I messed up, then messed up again: is there any way to salvage my friendship?
I had a crazy relationship with someone last year. We dated, we broke up, we tried being friends-with-benefits… throughout all the craziness, we were still very good friends to each other.
Late last year, she was having something of a nervous breakdown. She was relying on me for support but I couldn’t handle the pressure of my own problems and hers, so I ended the friendship.
It took me a couple of months to realize how much I missed her and what a great friendship we once shared. I really, really care about this girl. I think I loved her. But knowing I had screwed up, I didn’t know how to reach out to her (it didn’t help that she changed her number). I placed a birthday card under her windshield wiper this past spring but didn’t sign it. I guess I expected she would figure out it was me and call. She never did.
After cleaning my room 6 weeks ago, I found something of hers. At the time she had let me borrow it, she insisted she wanted it back. I thought it could be an opening. I tried chatting/texting her, but she immediately blocked me. She didn’t respond to email either.

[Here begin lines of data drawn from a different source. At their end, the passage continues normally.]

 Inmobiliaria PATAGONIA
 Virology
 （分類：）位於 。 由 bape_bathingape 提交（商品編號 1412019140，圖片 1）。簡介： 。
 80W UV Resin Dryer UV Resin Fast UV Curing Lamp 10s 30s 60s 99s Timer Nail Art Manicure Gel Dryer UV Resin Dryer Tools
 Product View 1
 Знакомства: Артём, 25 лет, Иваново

I kind of freaked because email was my last resort. So I emailed her again. And again. Each time different, spaced a few days apart. Apologizing. Remembering old times. Trying to mend the wounds I had caused. This lasted for about a month and a dozen emails. She never responded to a single one.

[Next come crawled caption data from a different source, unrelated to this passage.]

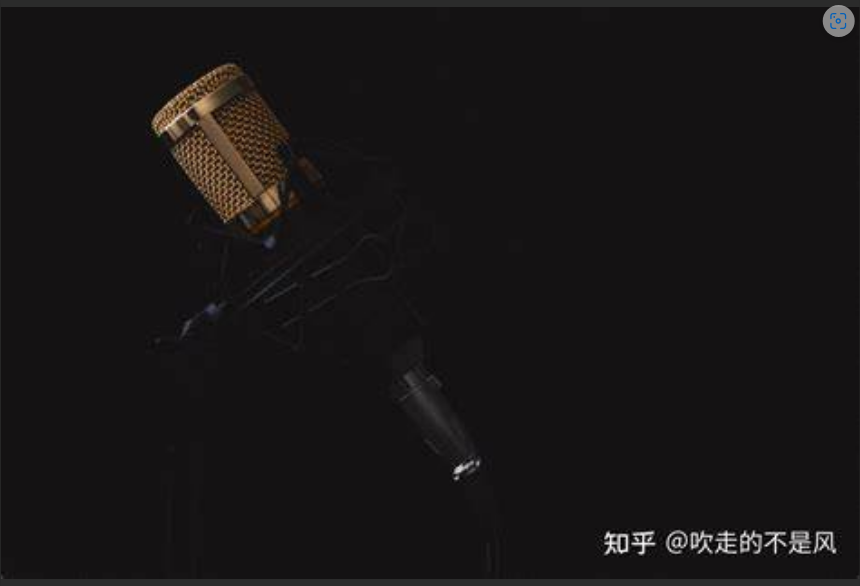  是不是说中了你？挫败感是如何悄悄“杀死”你的吉他梦想的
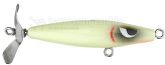 5652_Isca_0.jpg
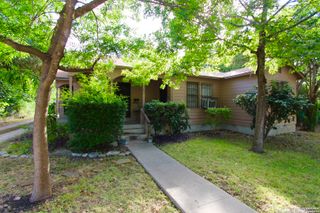 387 Meredith Dr Apt 2, San Antonio, TX 78228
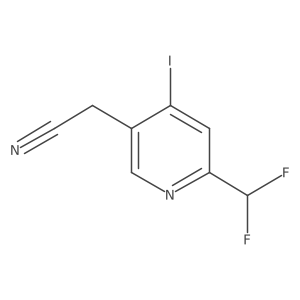 1806781-45-2 structure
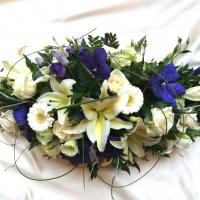 Top Table Vanda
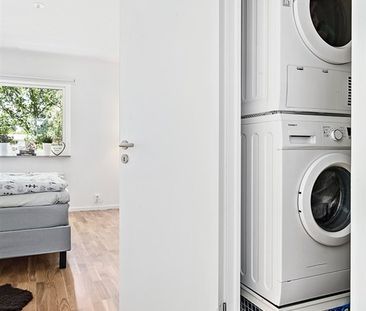 Göingegatan 6 B - Photo 1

Last week, I saw her on the street. I tried to return her item to her but she didn’t want it. She asked me to leave. 30 minutes later, she called me. She resented all the emails. She pointed out that they were all selfish, all about me seeking forgiveness so I could feel better and wanting her as a friend, but not caring about her well-being and how these past few months have been for her. She couldn’t understand why I was suddenly back in her life 10 months later. I was panicked and couldn’t respond to her. She did let me know that it was too bad that I still cared about her because the feeling was not mutual. She did not want me in her life. She asked for the emails to stop and hung up.

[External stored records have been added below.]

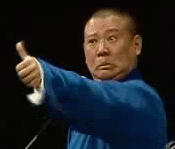 QQͼƬ20131006204659.gif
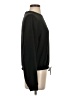 Champion Black Pullover Sweater Size S - photo 4
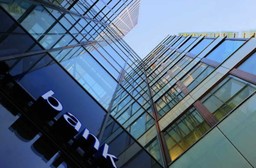 ТУРЕЦКИЕ БАНКИ ЗАКРЫВАЮТ СЧЕТА РОССИЙСКИХ КОМПАНИЙ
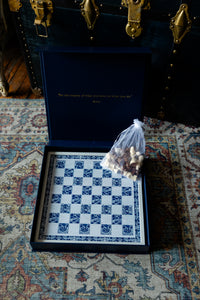 Chess, ARAM Collection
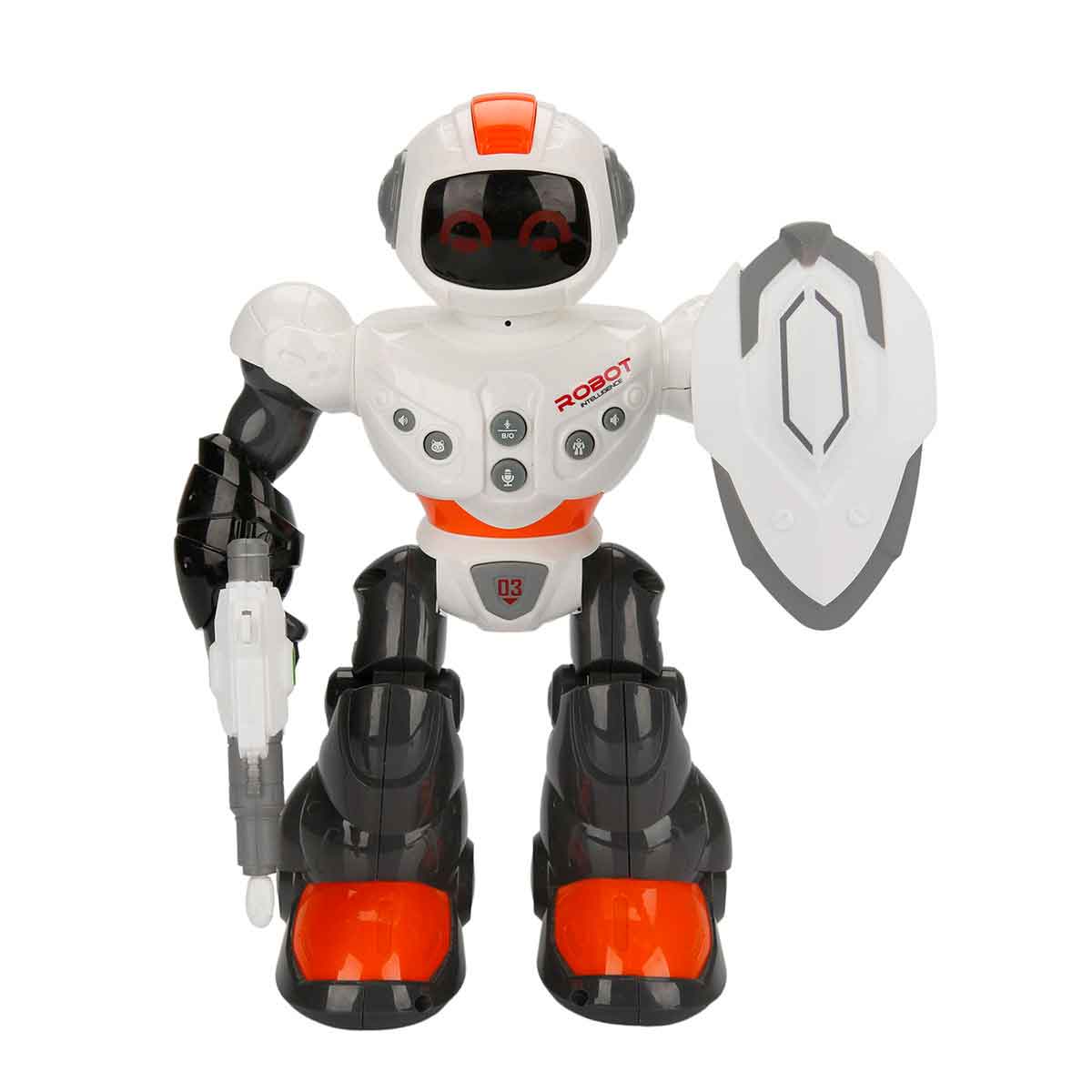 undefined - eb09b_Savasci_Robot_.JPG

One thing I managed to get in was that I was an imperfect human and made a mistake. That given the chance, I could prove myself as a friend to her. But she claimed she was never given that chance by anyone and would not give it to me. Life wouldn’t be fair if she did (her words).
So I’ve screwed up several ways of reaching out to this girl. I feel like if she knew the whole story, she might soften a little bit. She never knew that I was on antidepressants, and coming off of them at the time of her nervous breakdown. I was a little out of my head and I made a terrible mistake with her. Losing her has been pure torture. I was so ashamed of my action that I couldn’t bring myself to contact her earlier.
As a man of my word, I can’t email her anymore. I have no other way of contacting her. I know the building she lives in, but can’t remember the apartment number so I don’t know if a mailed letter will get to her. I wonder if it’s a mistake to write her a letter at all?
I screwed up badly, but there were some circumstances she didn’t know about. During our friendship, we both felt the connection we shared was one we had not experienced before. Surely there is some way to salvage this?
Or am I just so deep in this that I don’t see the big picture?